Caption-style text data

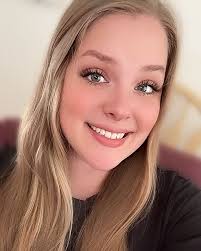 Tara Lloyd (@taralloyd.22) • Instagram photos and videos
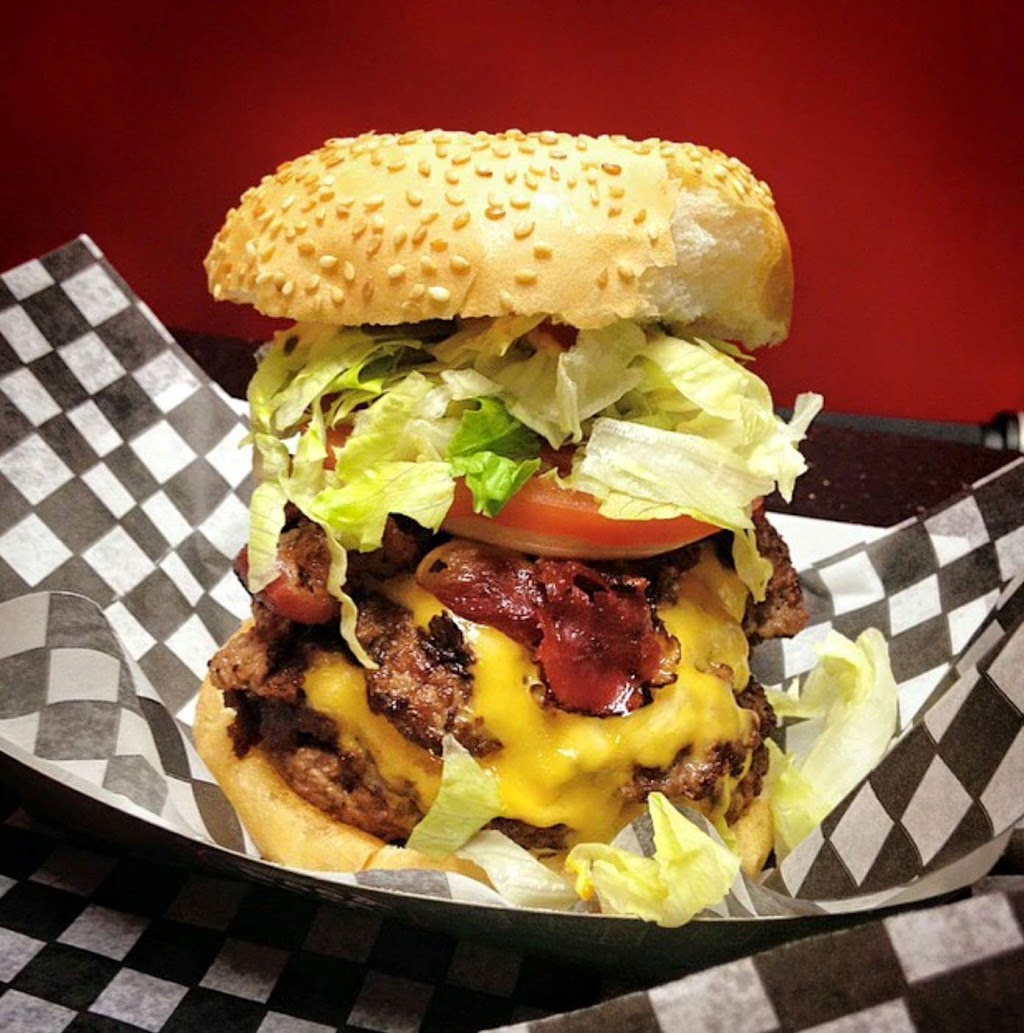 Burger Factory | 5130 Dixie Rd, Mississauga, ON L4W 1C9, Canada | Phone: (905) 212-1551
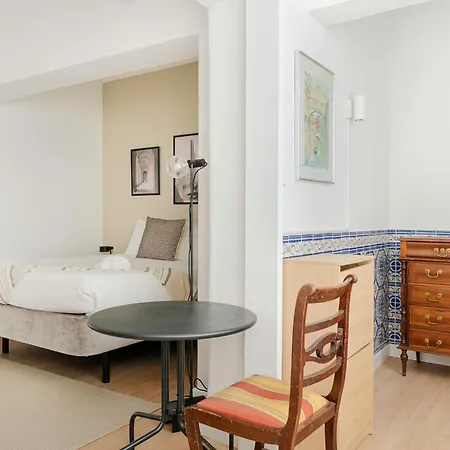 Accommodatie bij particulieren Campo Grande L Elegant Urban Stay, Quick Airport Access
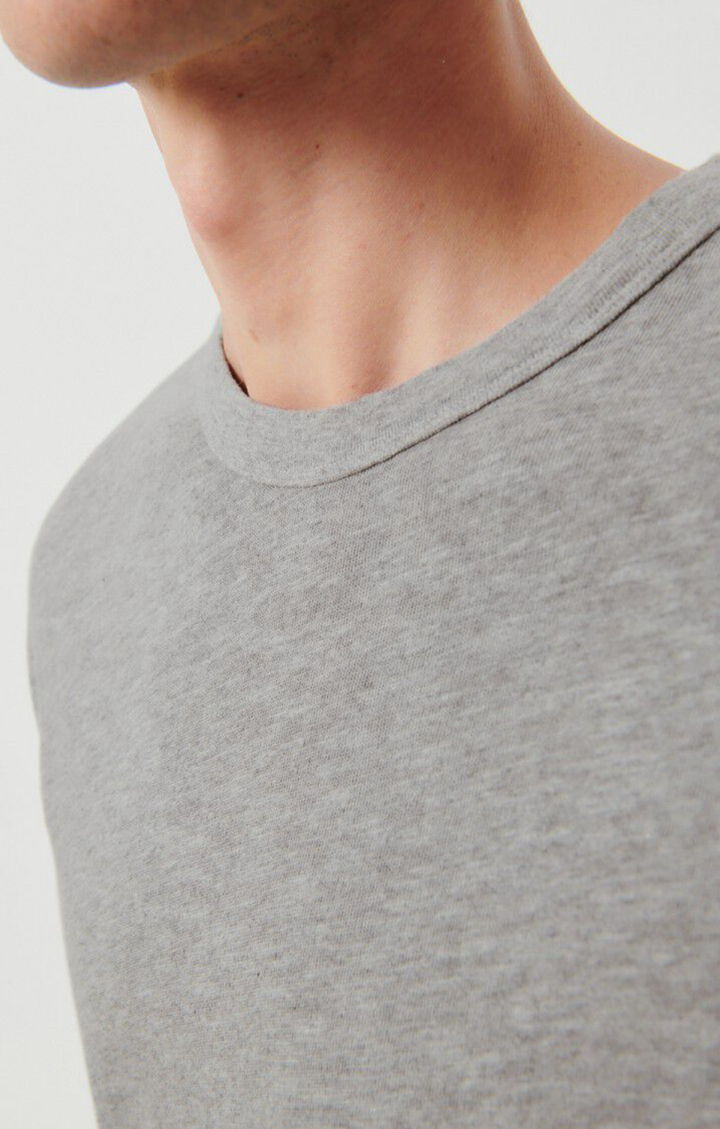 Close up image showing the neckline detail of the Sonoma T-Shirt in grey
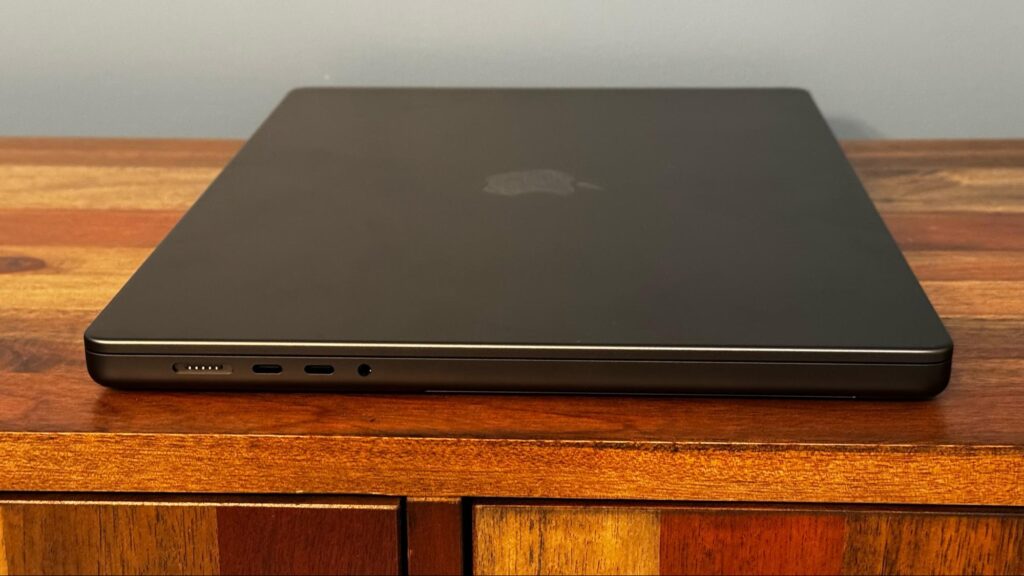 Apple MacBook Pro 16 M4 Max / 36GB / 1TB Negro Espacial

What you need to do: Exactly the lines from the one with "Close up image" through the end of the entries above must be written out, and no pictures may be included.

Solution for this exercise:
 Close up image showing the neckline detail of the Sonoma T-Shirt in grey
 Apple MacBook Pro 16 M4 Max / 36GB / 1TB Negro Espacial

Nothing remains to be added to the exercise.